### PROBLEM TO WORK ON
Pictures are to be left out. Return exactly the lines below from the one with "Christmas Tree Skirt" up to and including the one with "新しい中年高齢者の母模造ミンクベルベットコート秋冬厚みのフー - Wool".

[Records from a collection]
__________________________________________________

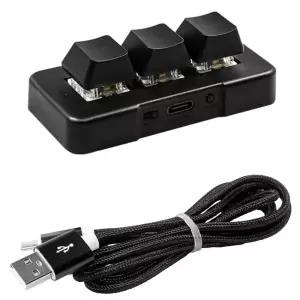 매크로 단축키 키보드 6키 블랙 한손 단축 검정-청색 커스텀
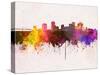 New Orleans Skyline in Watercolor Background-paulrommer-Stretched Canvas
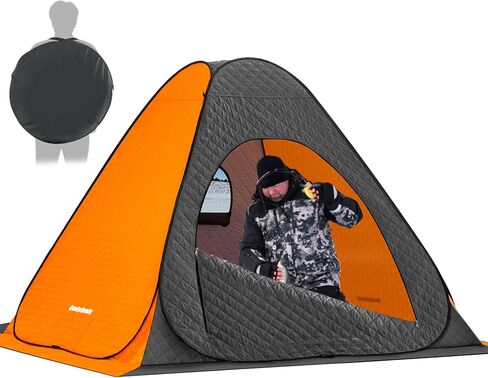 خيمة صيد الجليد من QualyQualy قابلة للطي بالكامل، مأوى محمول لصيد الأسماك على الجليد معزول كوخ صيد على الجليد لشخص أو شخصين، كوخ صيد على الجليد مع حقيبة حمل ونوافذ ومرساة in Kuwait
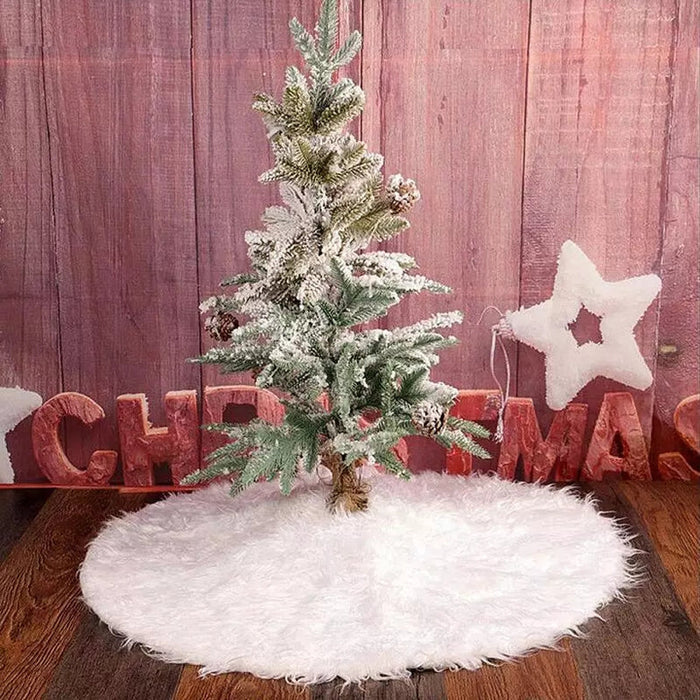 Christmas Tree Skirt - Faux Fur Christmas Tree Mat | Elegant Christmas Tree Base Mat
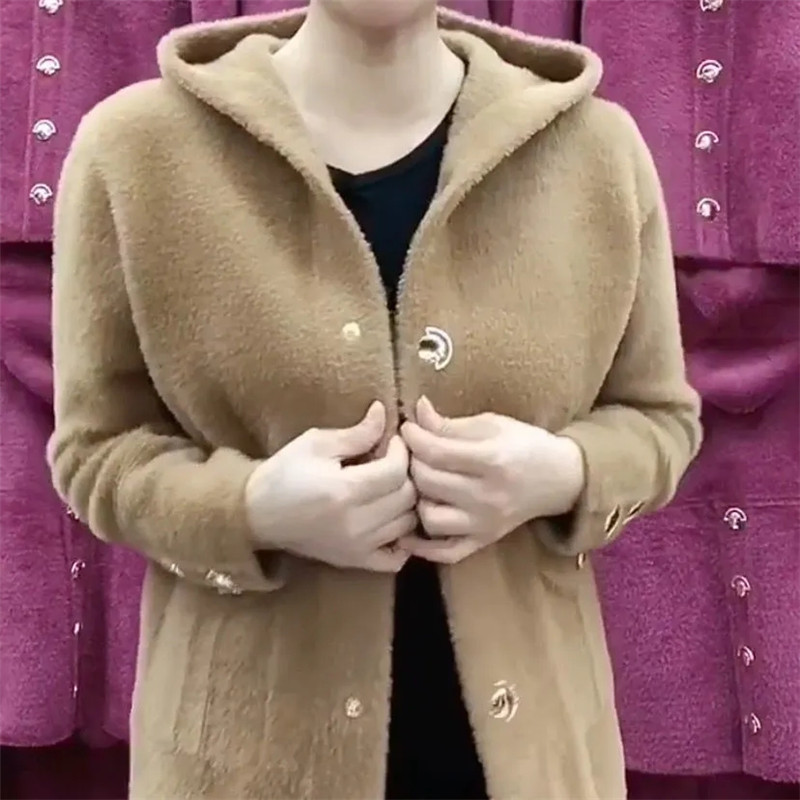 新しい中年高齢者の母模造ミンクベルベットコート秋冬厚みのフー - Wool Coat Peacoat のレビューと価格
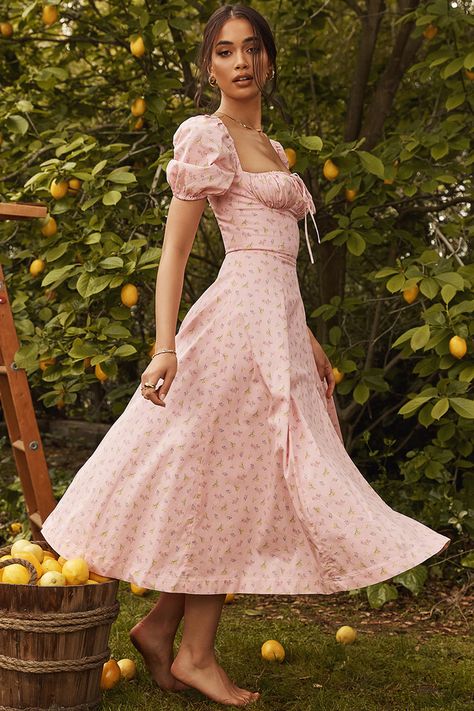 Clothing : Midi Dresses : 'Tallulah' Pink Floral Puff Sleeve Midi Dress Floral Print Dress Summer, Floral Print Dress Long, Maxi Sundress, Floral Outfit, Puff Sleeve Dresses, Floral Print Maxi Dress, Floral Print Maxi, Pink Midi Dress, Vestido Casual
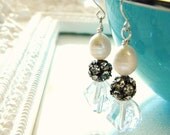 Wedding Earrings Fresh Water Pearl and Rhinestone - Dominique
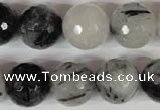 CRU317 15.5 inches 16mm faceted round black rutilated quartz beads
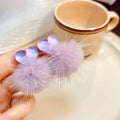 Pink Purple and Green Heart Pom Pom Dangle Stud Earrings view 7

__________________________________________________

### SOLUTION FOR THIS PROBLEM
 Christmas Tree Skirt - Faux Fur Christmas Tree Mat | Elegant Christmas Tree Base Mat
 新しい中年高齢者の母模造ミンクベルベットコート秋冬厚みのフー - Wool Coat Peacoat のレビューと価格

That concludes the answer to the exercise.